Re-implementing using stringi
gives a roughly 4x speedup. I also edited sort_cat
to use fixed = TRUE
in the strsplit
, which makes it a little faster. And thanks to Carl for the single loop suggestion, which speeds us up just a little bit more.

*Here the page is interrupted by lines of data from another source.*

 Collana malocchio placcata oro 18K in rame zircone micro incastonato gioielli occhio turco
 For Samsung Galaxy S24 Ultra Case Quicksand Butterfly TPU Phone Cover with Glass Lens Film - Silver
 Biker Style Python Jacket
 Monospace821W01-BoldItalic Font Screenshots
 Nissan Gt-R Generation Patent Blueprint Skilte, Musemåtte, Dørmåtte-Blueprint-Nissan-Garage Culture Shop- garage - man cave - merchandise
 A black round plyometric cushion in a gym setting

sort_cat <- function(strings){
tmp <- strsplit(strings, split="", fixed = TRUE)
tmp <- lapply(tmp, sort)
tmp <- lapply(tmp, paste0, collapse = "")
tmp <- unlist(tmp)
return(tmp)
}
library(stringi)
sort_stringi = function(s) {
s = stri_split_boundaries(s, type = "character")
s = lapply(s, stri_sort)
s = lapply(s, stri_join, collapse = "")
unlist(s)
}
sort_stringi_loop = function(s) {
s = stri_split_boundaries(s, type = "character")
for (i in seq_along(s)) {
s[[i]] = stri_join(stri_sort(s[[i]]), collapse = "")
}
unlist(s)
}
bench::mark(
sort_cat(strings),
sort_stringi(strings),
sort_stringi_loop(strings)
)
# # A tibble: 3 x 13
# expression min median `itr/sec` mem_alloc `gc/sec` n_itr n_gc total_time result memory
# <bch:expr> <bch:> <bch:> <dbl> <bch:byt> <dbl> <int> <dbl> <bch:tm> <list> <list>
# 1 sort_cat(strings) 23.01s 23.01s 0.0435 31.2MB 2.17 1 50 23.01s <chr ~ <Rpro~
# 2 sort_stringi(strings) 6.16s 6.16s 0.162 30.5MB 2.11 1 13 6.16s <chr ~ <Rpro~
# 3 sort_stringi_loop(strings) 5.75s 5.75s 0.174 15.3MB 1.74 1 10 5.75s <chr ~ <Rpro~
# # ... with 2 more variables: time <list>, gc <list>
This method could also be used in parallel. Profiling the code to see which operations actually take the longest would be a good next step if you want to go even faster.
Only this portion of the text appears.